▶ _Try it_
Going through the data below, please show each line containing the string "Chapter".

▶ _Given data_

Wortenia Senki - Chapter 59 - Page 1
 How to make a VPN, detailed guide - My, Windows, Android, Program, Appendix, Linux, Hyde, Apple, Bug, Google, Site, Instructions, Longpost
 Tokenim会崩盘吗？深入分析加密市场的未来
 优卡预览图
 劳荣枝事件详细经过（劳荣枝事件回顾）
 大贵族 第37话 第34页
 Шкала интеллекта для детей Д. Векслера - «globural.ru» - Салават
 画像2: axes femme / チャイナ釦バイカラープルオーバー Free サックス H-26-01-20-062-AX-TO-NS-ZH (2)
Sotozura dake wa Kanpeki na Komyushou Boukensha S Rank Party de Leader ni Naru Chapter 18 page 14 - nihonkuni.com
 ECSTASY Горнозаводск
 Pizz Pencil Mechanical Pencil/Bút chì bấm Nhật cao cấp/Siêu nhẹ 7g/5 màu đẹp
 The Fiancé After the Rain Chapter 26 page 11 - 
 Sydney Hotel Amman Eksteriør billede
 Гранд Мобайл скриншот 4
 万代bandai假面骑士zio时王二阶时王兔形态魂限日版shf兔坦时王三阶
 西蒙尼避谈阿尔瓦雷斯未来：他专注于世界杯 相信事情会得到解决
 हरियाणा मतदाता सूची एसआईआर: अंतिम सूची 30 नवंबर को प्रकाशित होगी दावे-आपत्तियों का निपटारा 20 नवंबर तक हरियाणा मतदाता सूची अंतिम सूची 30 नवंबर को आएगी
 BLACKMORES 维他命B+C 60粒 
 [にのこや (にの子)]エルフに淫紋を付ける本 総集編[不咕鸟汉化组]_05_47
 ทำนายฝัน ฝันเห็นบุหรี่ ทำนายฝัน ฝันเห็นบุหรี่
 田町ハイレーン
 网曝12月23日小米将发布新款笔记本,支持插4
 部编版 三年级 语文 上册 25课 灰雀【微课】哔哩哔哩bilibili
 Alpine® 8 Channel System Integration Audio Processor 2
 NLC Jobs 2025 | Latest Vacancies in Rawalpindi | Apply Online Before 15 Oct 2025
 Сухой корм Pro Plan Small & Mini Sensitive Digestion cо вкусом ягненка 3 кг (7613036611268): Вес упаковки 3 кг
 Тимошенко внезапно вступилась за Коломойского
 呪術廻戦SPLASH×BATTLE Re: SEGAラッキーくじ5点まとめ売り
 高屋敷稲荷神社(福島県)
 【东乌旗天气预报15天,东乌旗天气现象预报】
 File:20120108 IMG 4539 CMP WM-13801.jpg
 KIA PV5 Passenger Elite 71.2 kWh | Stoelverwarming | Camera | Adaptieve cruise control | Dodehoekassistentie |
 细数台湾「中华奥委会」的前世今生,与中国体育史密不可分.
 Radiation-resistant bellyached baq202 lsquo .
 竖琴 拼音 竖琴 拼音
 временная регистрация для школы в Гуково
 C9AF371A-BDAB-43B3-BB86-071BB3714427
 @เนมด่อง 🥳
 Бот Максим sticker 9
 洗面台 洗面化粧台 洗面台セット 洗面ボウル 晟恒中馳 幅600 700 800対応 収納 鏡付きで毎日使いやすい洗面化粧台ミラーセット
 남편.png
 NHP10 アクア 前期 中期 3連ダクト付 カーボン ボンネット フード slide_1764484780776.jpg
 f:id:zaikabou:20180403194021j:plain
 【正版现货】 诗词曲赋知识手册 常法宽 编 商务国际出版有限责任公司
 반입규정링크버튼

▶ _The completed task_
Wortenia Senki - Chapter 59 - Page 1
Sotozura dake wa Kanpeki na Komyushou Boukensha S Rank Party de Leader ni Naru Chapter 18 page 14 - nihonkuni.com
 The Fiancé After the Rain Chapter 26 page 11 - 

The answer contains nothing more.